Dissipation factor is a measure of electrical losses with applied ac voltage, and includes both capacitive and resistive losses. Capacitive losses generally increase with higher dielectric constant and higher frequency. Resistive losses correspond to the dc insulation resistance or volume resistivity, and do not change with the dielectric constant. Fig. 5, on page 24, shows the dissipation factor as a function of frequency for 1KA and 1HTA T-preg.
AC reliability is generally not influenced by dielectric constant or dissipation factor. If operated at extremely high voltages where there is partial discharge within the dielectric, ac voltages can degrade the dielectrics resin matrix. The voltage level at which partial discharge occurs is called the “corona inception level” (CIL). The CIL for T-pregs are generally greater than 4 kVp for 4 mil dielectrics and greater than 6 kVp for 8 mil dielectrics. Continuous recurring peak voltages should be kept well below the CIL of the T-preg layers. When using T-preg materials in very high ac voltage applications, it is recommended that partial discharge testing be performed on the actual board or substrate as a part of the design qualification.

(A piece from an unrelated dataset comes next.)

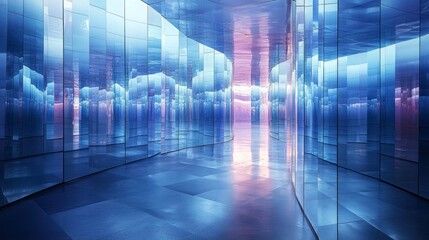 Aufkleber - In a mesmerizing corridor composed of reflective surfaces, light dances off walls in shades of blue and pink. The atmosphere invites exploration and introspection, suggesting a transformative journey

Since conventional thermal T-pregs are alumina filled, they require very high filler loading to achieve adequately high thermal conductivity. This can result in rigid, brittle, and abrasive dielectric layers. The addition of boron nitride to the 1HTA mixed-filler system reduces the rigidity, and the exclusive use of boron nitride (BN) in the 1KA T-preg effectively eliminates excessive rigidity. This creates a much more flexible dielectric layer that is much more immune to thermal expansion mismatch. This expansion mismatch tolerance makes the boron nitride filled materials more compatible with heavy copper, large thermal vias, and a broader range of surface mount components and materials. These advantages are best demonstrated by temperature cycle testing of finished substrate and board products. In addition, T-preg materials containing BN are easier to fabricate into etched boards and substrates. Conventional thermal dielectrics with highly filled alumina are very abrasive to the punching and cutting tools used to singulate parts and drill holes.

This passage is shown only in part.